**Exercise directions**
The answer consists of the lines from the line holding "Audi TT Roadster" through the last line of the entries, retyped exactly, and nothing else. No pictures belong in it.

>>>>

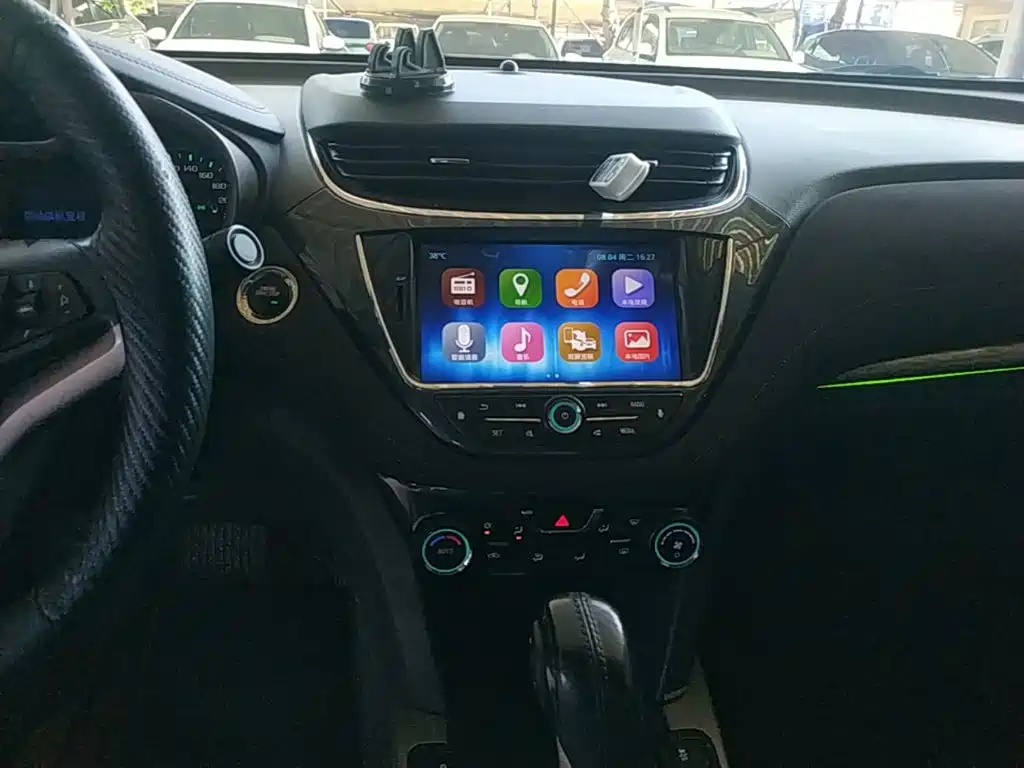 Chevrolet Malibu — миниатюра 13
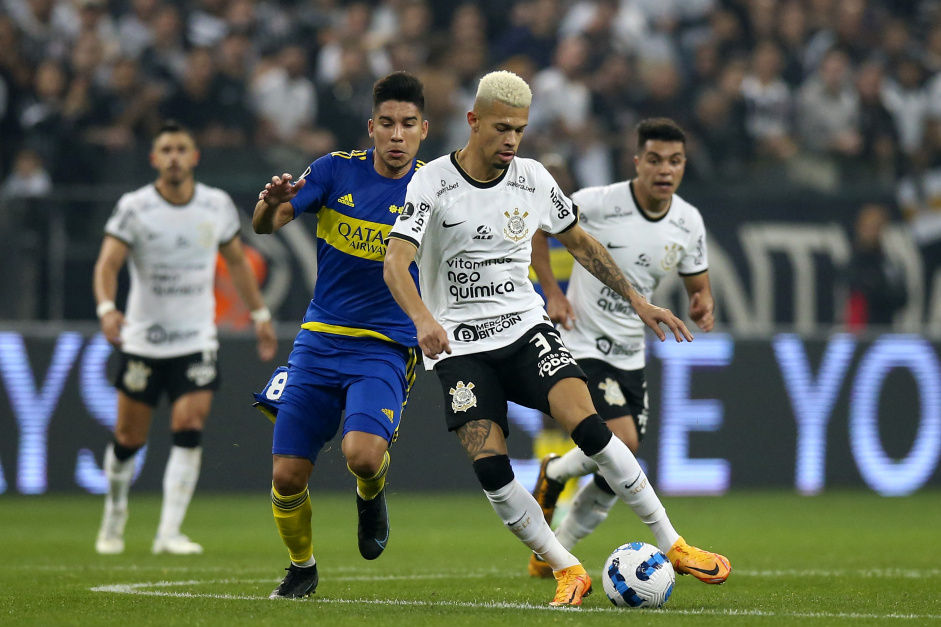 Joo Victor esteve em campo por 45 minutos na classificao do Corinthians contra o Boca Juniors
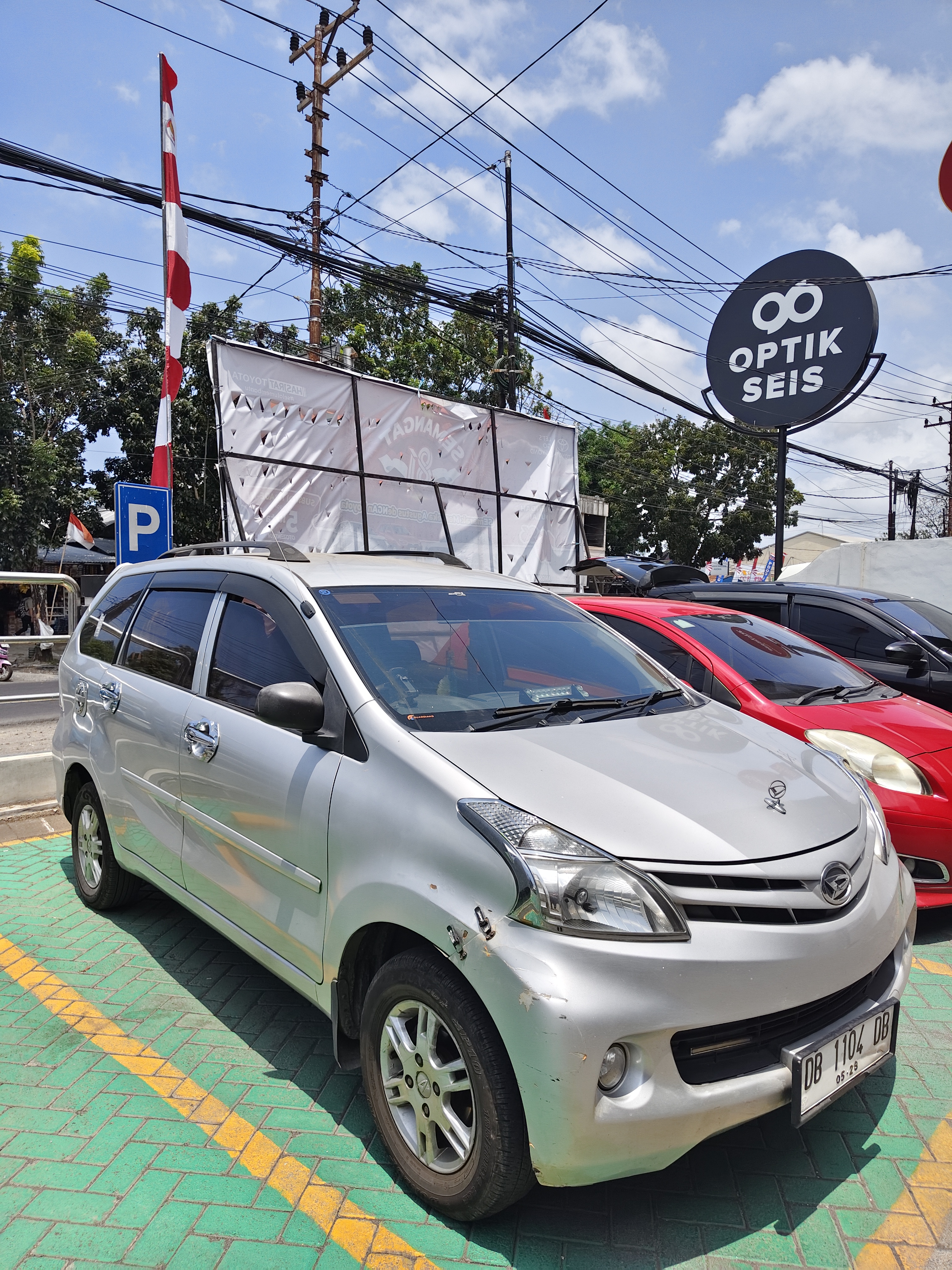 DAIHATSU XENIA 2013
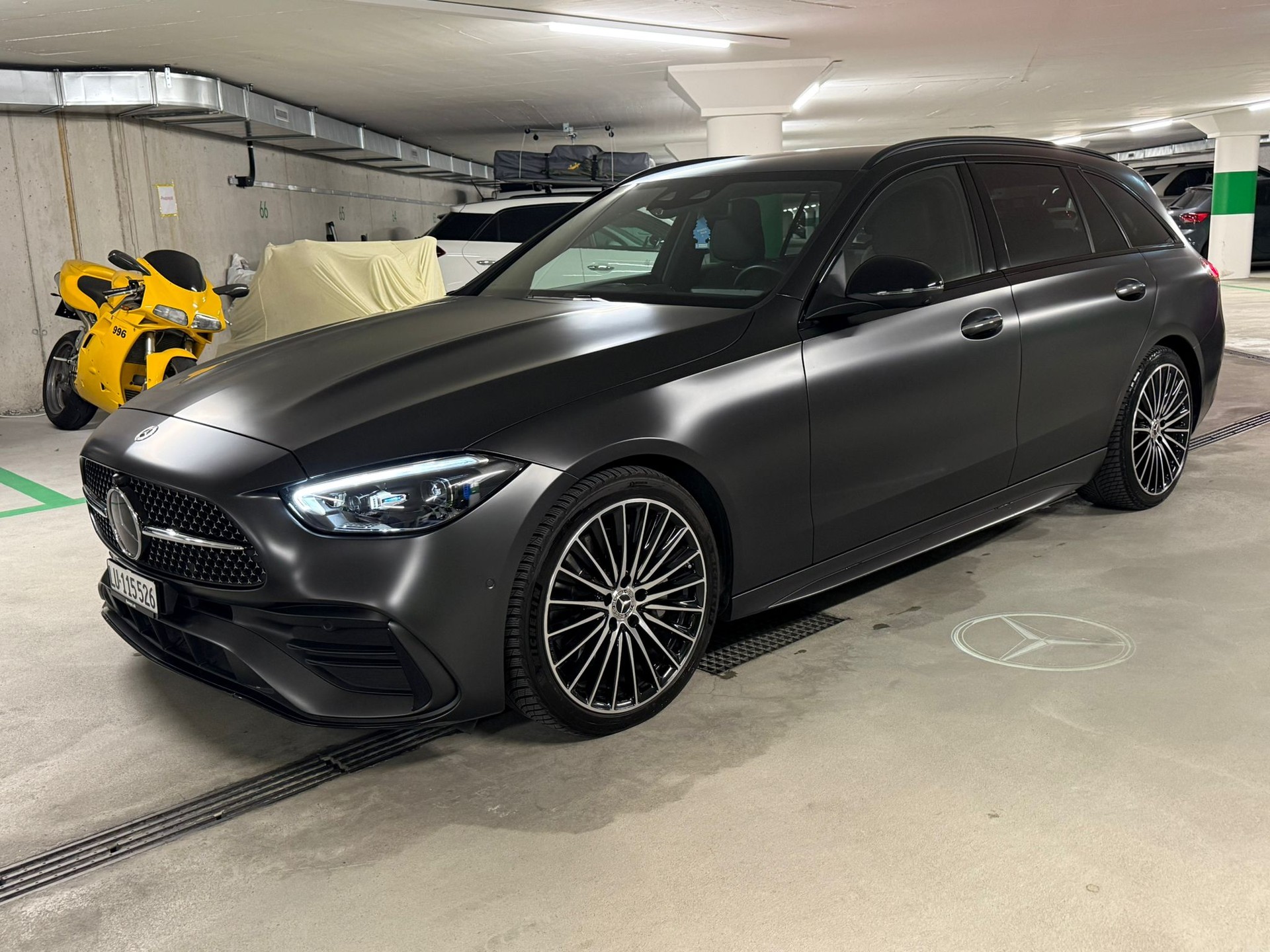 MERCEDES-BENZ C 220 d T 4 Matic-image-2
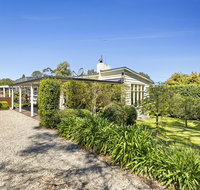 North Haven lovely coastal beach house private garden walk to beach and village - Darwin Holiday
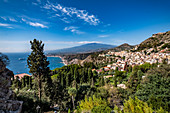 Blick auf das Teatro Antico di Taormina mit Meer und Ätna im Hintergrund, Taormina, Sizilien, Süditalien, Italien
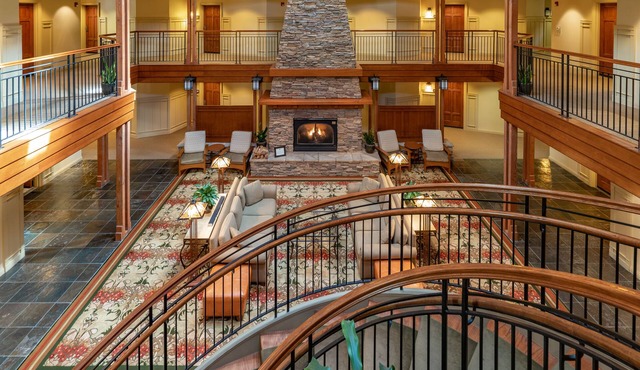 Avila Village Inn
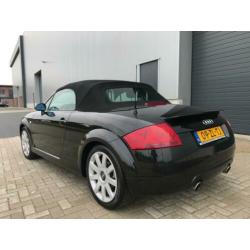 Audi TT Roadster 1.8 5V Turbo quattro 225PK 2000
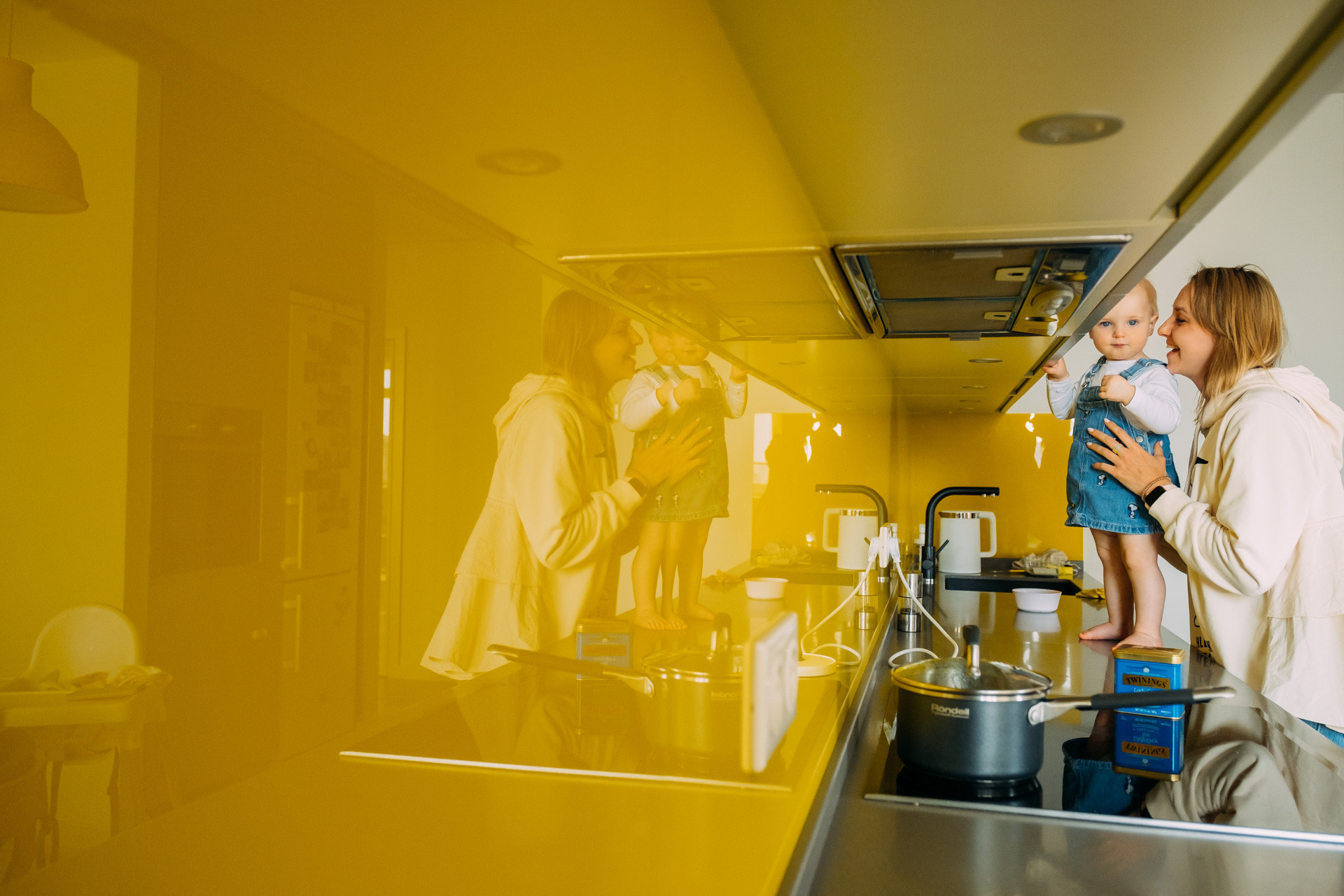 Алёнка и ее маленький зайчик Софи. Сімейний і портретний фотограф у Києві Проценко Алла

<<<<

**Exercise solution**
 Audi TT Roadster 1.8 5V Turbo quattro 225PK 2000
 Алёнка и ее маленький зайчик Софи. Сімейний і портретний фотограф у Києві Проценко Алла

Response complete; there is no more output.